My colleague Allan Ingelson provided a post on the statutory amendment here. This judgment confirms that the legislature has definitively settled the CBM ownership issue except in those cases where the relevant title documents expressly deal with coalbed methane. The natural gas lessees themselves acknowledged that in some cases the wording of the leases was not sufficiently clear to meet the test for summary judgement and thus these cases will need to proceed to trial to establish the necessary factual foundation for interpreting the documents (at para 1).
In reaching this conclusion Justice Kent held that the plain wording of the legislation, supported by statements made by the responsible Minister on first and second reading of the Bill in the legislature, led to the conclusion that the owner of the natural gas owns the CBM. The Court held that section 10.1 of the MMA applies to privately owned mineral rights as well as Crown owned minerals (at paras 38 – 51). It was not necessary for the legislature to add a provision to the effect that CBM is not included in the coal title (at paras 52 – 60). Subsection 10.1(2) (which provides that the declaratory provision “does not affect” a pre-existing instrument explicitly addresses CBM) was not triggered by a reservation of coal. This subsection only applies where an instrument contained a specific reference to CBM and that was not the case here.

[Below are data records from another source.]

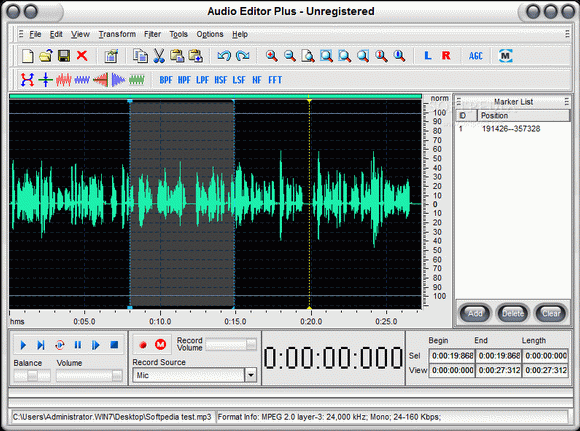 Audio Editor Plus Crack With Activation Code Latest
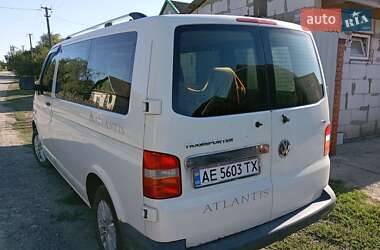 Минивэн Volkswagen Transporter 2007 в Криничках
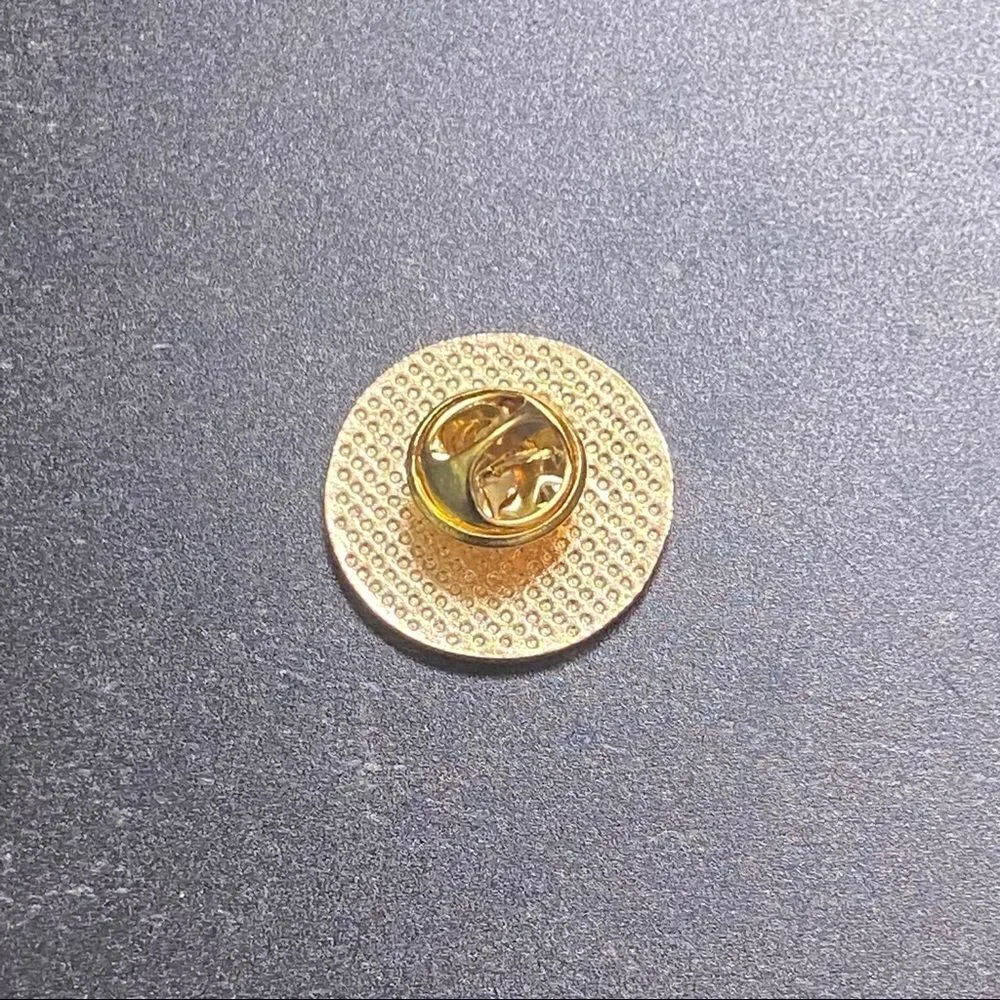 Libra Zodiac Enamel Pin/ Brooch Lapel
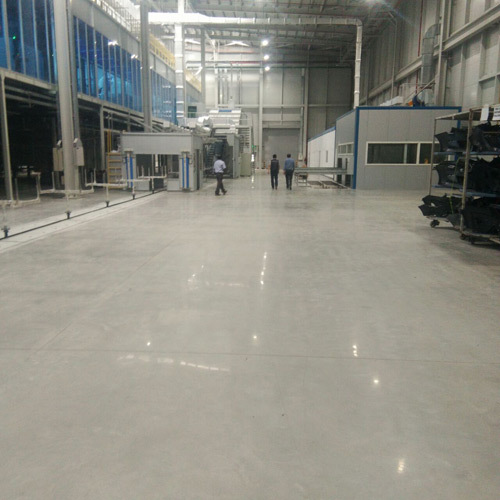 Concrete Hardener Services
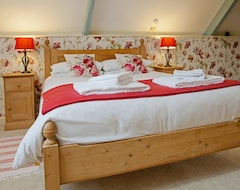 Hotel The Red Lion (West Pennard, Reino Unido)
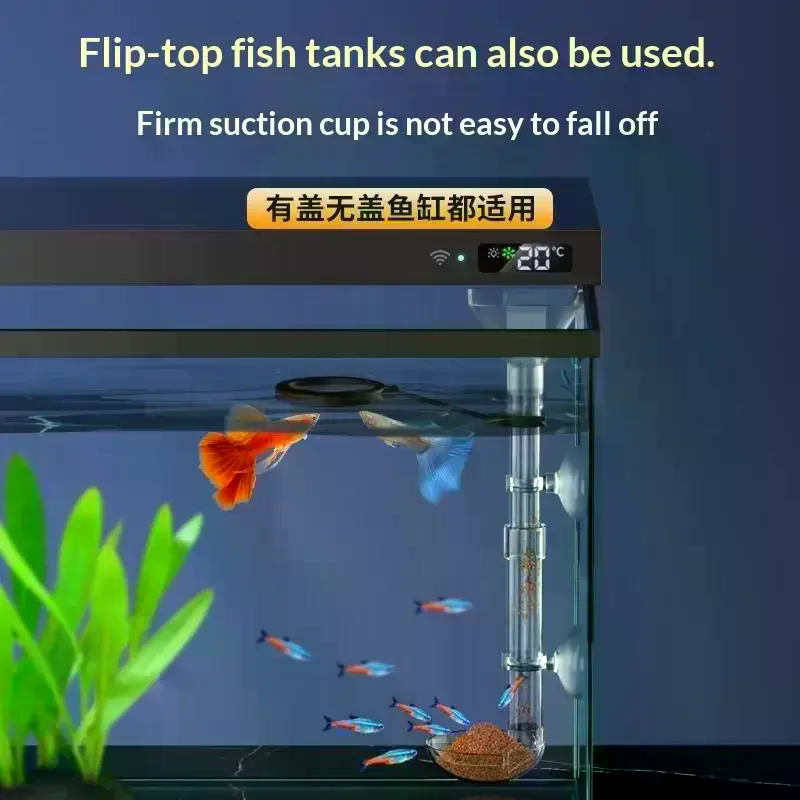 Balık Tankı Besleme Tüpü Ayarl - Planted Aquarium Youtube incelemesi ve fiyatı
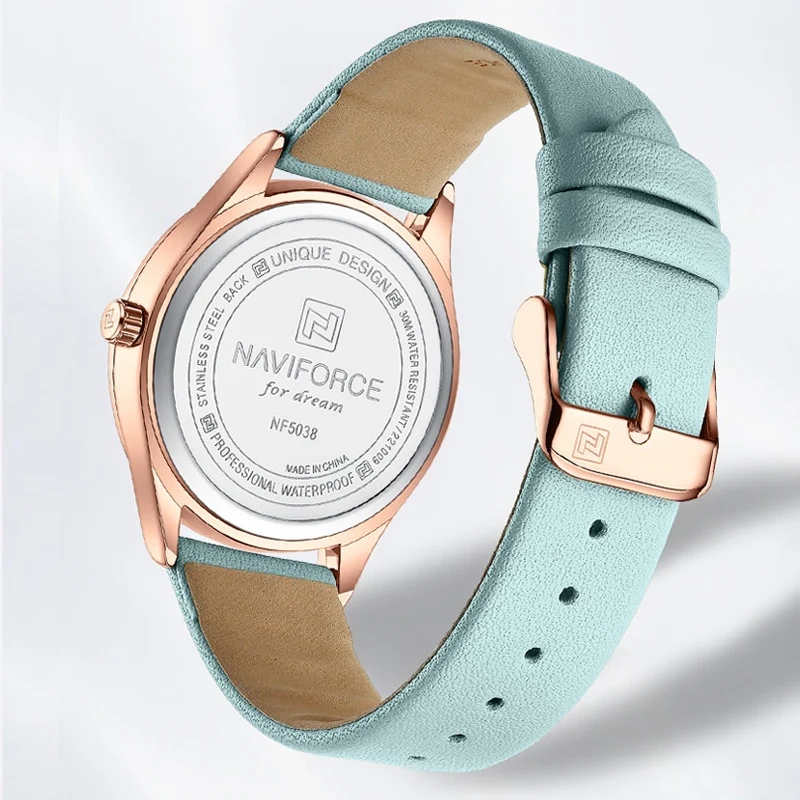 Jam Tangan Wanita Original SKMEI 1690CL Putih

Summary judgement was appropriate in this case since it was not necessary to decide what CBM is, from either a scientific or an etymological perspective (at paras 61 – 63). The legislature had determined the matter by declaring CBM to be natural gas and thus any scientific or etymological definition would be simply irrelevant. The court was required to apply principles of statutory interpretation to assess the effect of the amendment but it was not a complex interpretative issue which required a factual foundation (at paras 66 – 67). Neither did the public policy consideration of lessening the value of a resource without compensation preclude granting summary judgement.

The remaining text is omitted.